The debate over gay conversion therapy continues both within the U.S. and in South Africa, as Alex de Koker, owner of Echo Wild Game Rangers (one hour south of Johannesburg, South Africa), is on trial for the death of a 15-year-old “effeminate” teen who had been sent to his camp to “man up.”
Raymond Buys was sent to the camp by his mother, Wilma Buys, who believed the course would “make him a better man, to give him a better future.”
Instead, camp attendee Gerhard Oosthuzen, 19, recently testified in court that Buys was chained to his bed every night, commonly refused permission to visit the toilet, and even forced to eat his own feces.
Oosthuizen also testified that Buys suffered from extreme bodily weakness and struggled to engage in the manual labor the boys were forced to perform each day. Additionally, Buys was beaten with planks and sticks when he couldn’t find the strength to do his chores properly.
Just before Buys was released from the camp and admitted to the hospital, Oosthuizen testified that he saw de Koker and his employee Michael Erasmus electrocute Buys, as he was naked and tied to a chair. The teen died two weeks later, with hospital reports indicating he was severely emaciated, dehydrated, and had sustained several skull fractures and cigarette burns all over his body.
This isn’t de Koker’s first time in court. In 2007, 18-year-old Eric Calitz and 19-year-old Nicolaas Van der Walt both died in similar circumstances. According to reports, both were perceived as gay and effeminate. Camp attendees shared that de Koker often told Calitz that he wasn’t a “moffie” (i.e. “fag”), and he “would make a man out of him.”
Instead, Calitz died from bleeding in the brain after apparently being struck. Strangely enough, the camp SMS’d Calitz’s family and told them that he had died of a heart attack. Van der Walt appeared to have been choked with a seat-belt, but the courts determined he died of a heart attack.
Surrounding the to the two 2007 deaths, de Koker got off with a suspended sentence over Calitz’s dealth, and the court found Van der Walt’s death the result of natural causes. In response to the Raymond Buys case, both de Koker and Erasmus have pleaded not guilty — however, Oosthuizen’s testimony could be enough to find both men guilty.
While the Echo Wild Game Rangers program is an extreme example of gay reparative therapy, gay advocates agree the case undoubtedly signals the need for increased dialog on the subject.

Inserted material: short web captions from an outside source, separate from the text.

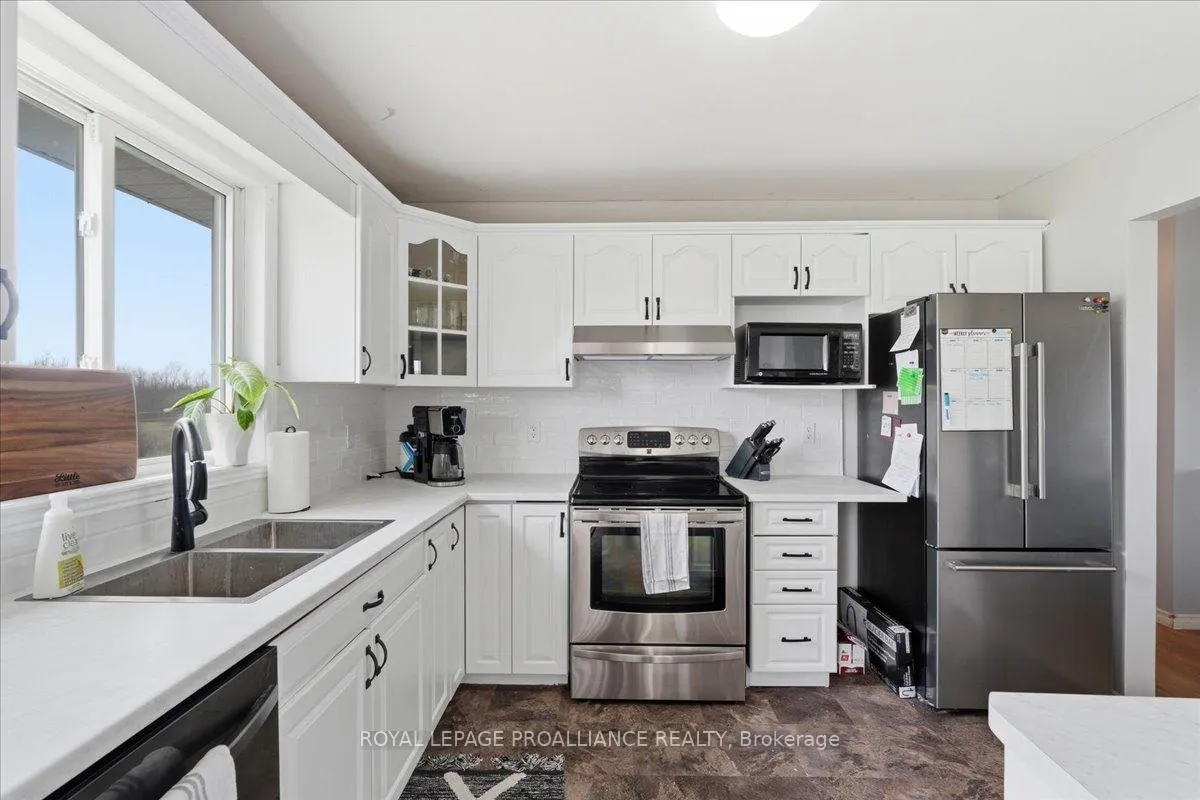Photo 13 of 1530 Blessington Road, Belleville, Thurlow Ward — HOMEH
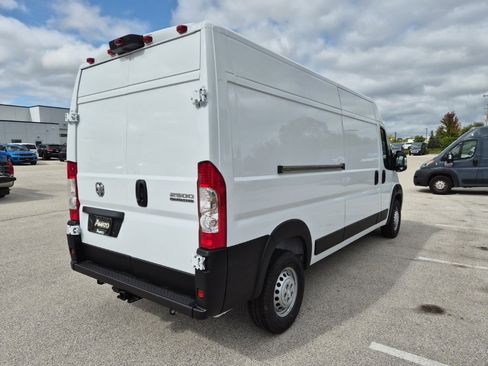 New 2026 RAM ProMaster 2500 w/ Convenience Group image 7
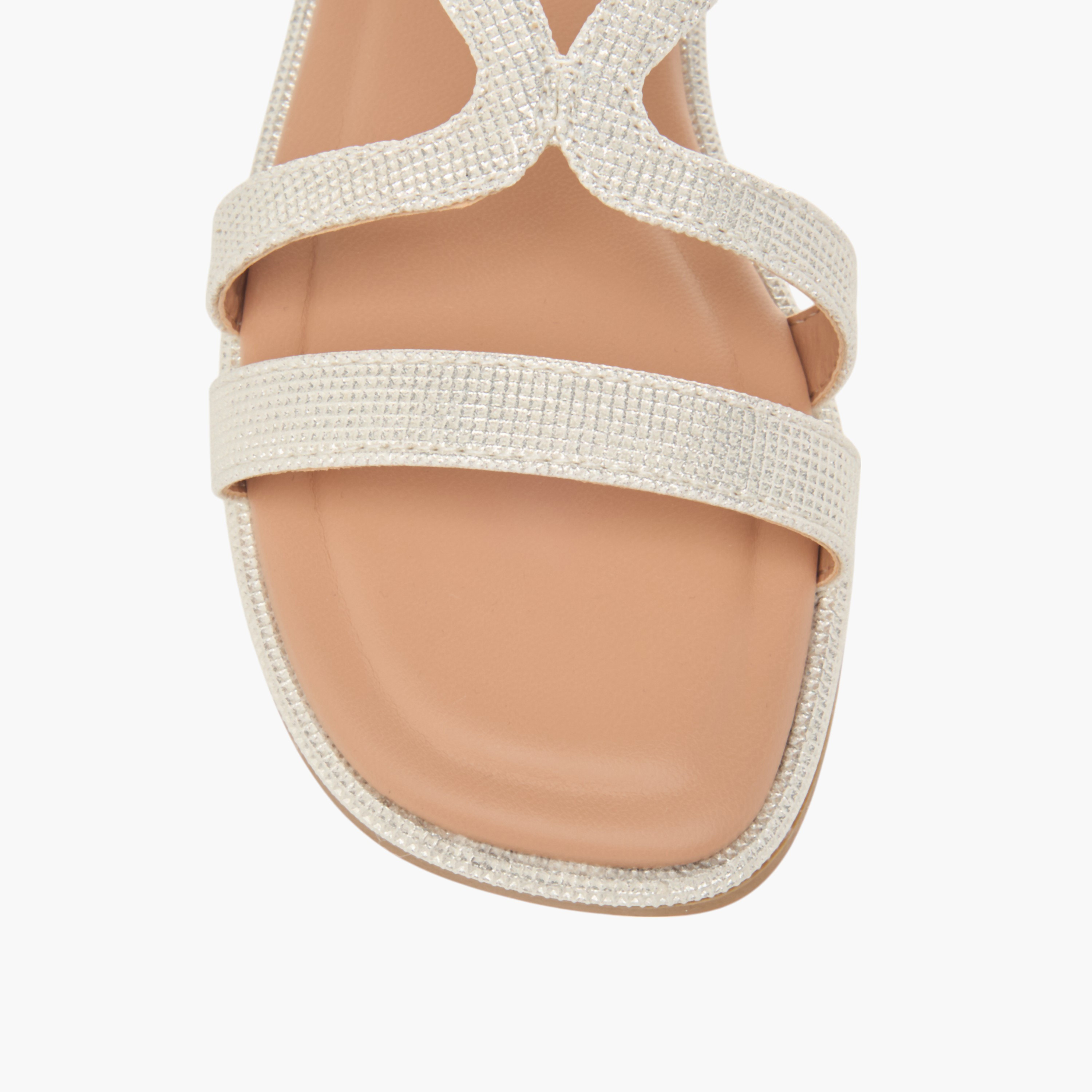 صندل بأحزمة متعددة وشريط إغلاق من ليتل ميسي-girls-shoes-sandals-image-3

Within the United States, the concept of reparative therapy is a growing debate. California signed a bill into law in 2012 banning gay conversion therapy for minors (which is now under review), as mental health experts largely deem the practices as dangerous and harmful to youth.
According to the American Psychological Association Website, “To date, there has been no scientifically adequate research to show that therapy aimed at changing sexual orientation (sometimes called reparative or conversion therapy) is safe or effective.”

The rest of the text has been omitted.